Namun, meskipun pengaruh metode keteladanan sangat besar, penelitian oleh Aulia et al. (2023) menunjukkan bahwa dalam pengajaran membaca huruf hijaiyah di PAUD, meskipun anak-anak menunjukkan antusiasme yang tinggi dalam kegiatan pembelajaran, kemampuan mereka dalam membaca huruf hijaiyah masih terbilang cukup. Hal ini menunjukkan bahwa meskipun kegiatan keteladanan sudah diterapkan dengan baik, ada faktor lain yang mempengaruhi proses belajar anak-anak, seperti kesiapan anak dalam menerima pembelajaran atau adanya kebutuhan metode lain yang lebih spesifik dalam memperkuat kemampuan mereka.

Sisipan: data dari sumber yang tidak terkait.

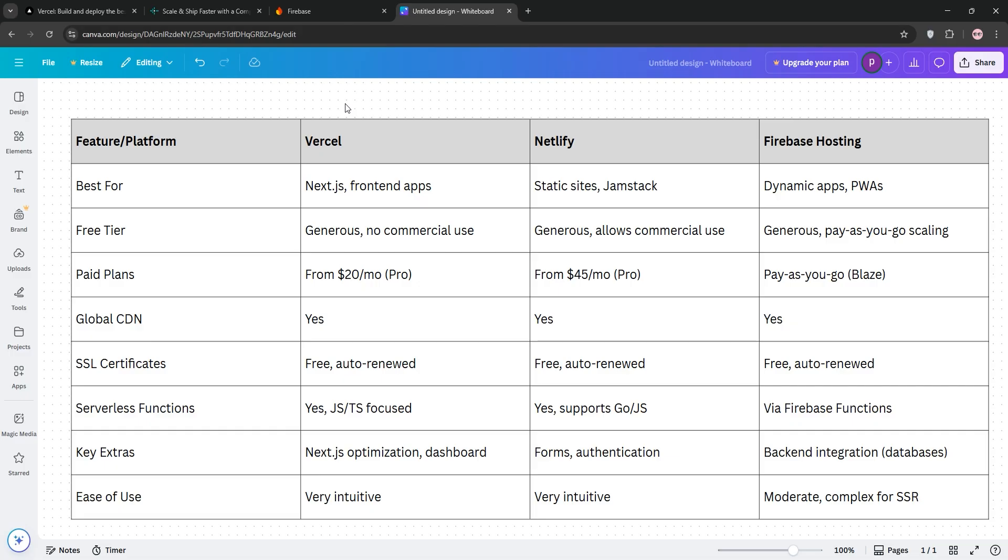Firebase is best for dynamic apps with backend needs, but its setup can feel clunky compared to Versal or Netlify.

Meskipun demikian, metode keteladanan tetap menjadi fondasi utama dalam pendidikan agama anak usia dini. Pengajaran yang berbasis pada keteladanan memberi kesempatan kepada anak untuk belajar secara langsung melalui contoh nyata. Ketika anak-anak melihat guru mereka melakukan suatu tindakan yang baik, mereka akan merasa terdorong untuk menirunya. Hal ini tidak hanya berlaku dalam hal beribadah, tetapi juga dalam hal berbagi, menghormati, dan menjaga hubungan baik dengan orang lain.

Secara keseluruhan, implementasi metode keteladanan dalam pendidikan agama pada anak usia dini memiliki dampak yang sangat positif dalam pembentukan karakter dan moral anak. Melalui contoh yang diberikan oleh guru dan orang tua, anak-anak tidak hanya mempelajari ajaran agama, tetapi juga bagaimana menghidupkan nilai-nilai tersebut dalam kehidupan sehari-hari. Oleh karena itu, penting bagi lembaga pendidikan, khususnya PAUD, untuk terus mengembangkan dan menerapkan metode keteladanan ini, agar anak-anak dapat tumbuh menjadi generasi yang berakhlak mulia dan siap menghadapi tantangan kehidupan dengan landasan moral dan agama yang kuat.